■ TASK INSTRUCTIONS ■
Retype every line from the start of the entries below down to the line with "Pair Euro Front", both ends included; skip the pictures.

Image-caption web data
_____

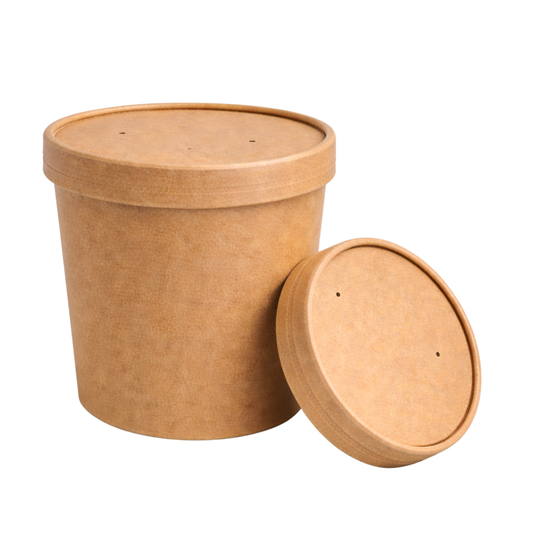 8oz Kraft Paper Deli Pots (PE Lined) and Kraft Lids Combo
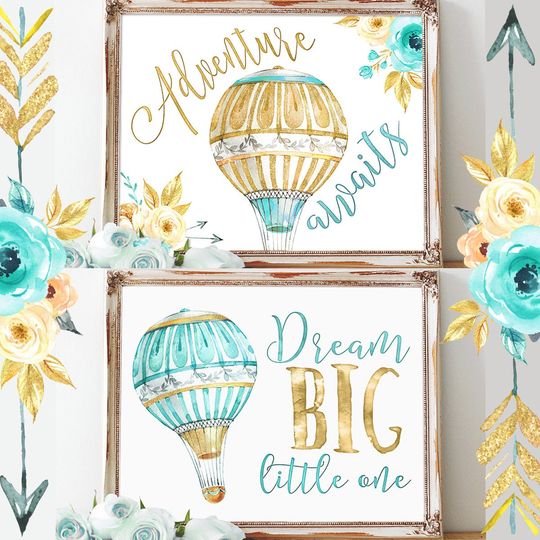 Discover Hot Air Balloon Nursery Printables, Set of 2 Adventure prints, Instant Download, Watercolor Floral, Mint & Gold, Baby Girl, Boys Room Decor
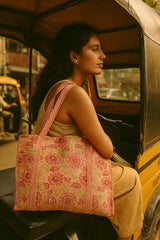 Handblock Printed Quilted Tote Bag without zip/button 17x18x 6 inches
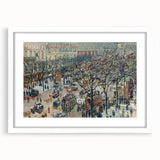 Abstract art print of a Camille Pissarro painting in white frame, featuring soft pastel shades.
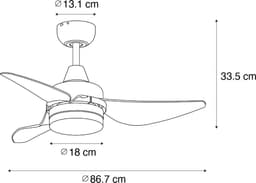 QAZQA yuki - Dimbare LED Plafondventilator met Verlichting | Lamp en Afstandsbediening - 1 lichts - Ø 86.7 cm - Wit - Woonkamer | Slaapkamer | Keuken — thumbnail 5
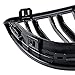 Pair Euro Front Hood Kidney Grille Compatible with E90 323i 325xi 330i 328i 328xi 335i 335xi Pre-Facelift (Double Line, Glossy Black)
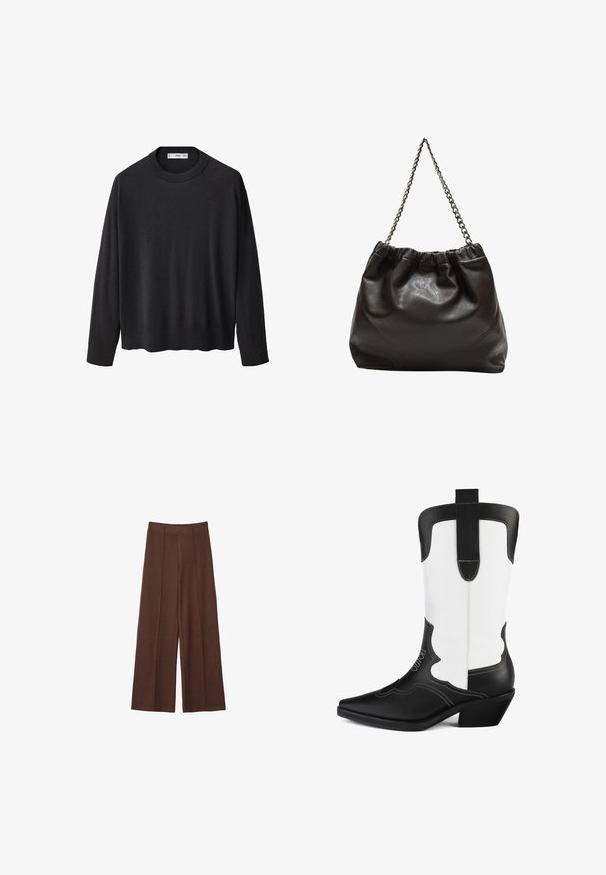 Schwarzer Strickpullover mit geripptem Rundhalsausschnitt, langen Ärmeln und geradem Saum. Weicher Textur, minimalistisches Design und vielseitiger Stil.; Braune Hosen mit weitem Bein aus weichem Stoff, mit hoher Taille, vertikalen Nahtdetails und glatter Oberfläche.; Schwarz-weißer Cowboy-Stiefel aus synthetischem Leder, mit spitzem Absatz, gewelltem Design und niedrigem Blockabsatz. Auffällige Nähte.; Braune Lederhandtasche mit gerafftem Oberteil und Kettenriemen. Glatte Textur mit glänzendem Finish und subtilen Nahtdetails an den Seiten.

_____

■ ANSWER FOR THE TASK ■
 8oz Kraft Paper Deli Pots (PE Lined) and Kraft Lids Combo
 Discover Hot Air Balloon Nursery Printables, Set of 2 Adventure prints, Instant Download, Watercolor Floral, Mint & Gold, Baby Girl, Boys Room Decor
 Handblock Printed Quilted Tote Bag without zip/button 17x18x 6 inches
 Abstract art print of a Camille Pissarro painting in white frame, featuring soft pastel shades.
 QAZQA yuki - Dimbare LED Plafondventilator met Verlichting | Lamp en Afstandsbediening - 1 lichts - Ø 86.7 cm - Wit - Woonkamer | Slaapkamer | Keuken — thumbnail 5
 Pair Euro Front Hood Kidney Grille Compatible with E90 323i 325xi 330i 328i 328xi 335i 335xi Pre-Facelift (Double Line, Glossy Black)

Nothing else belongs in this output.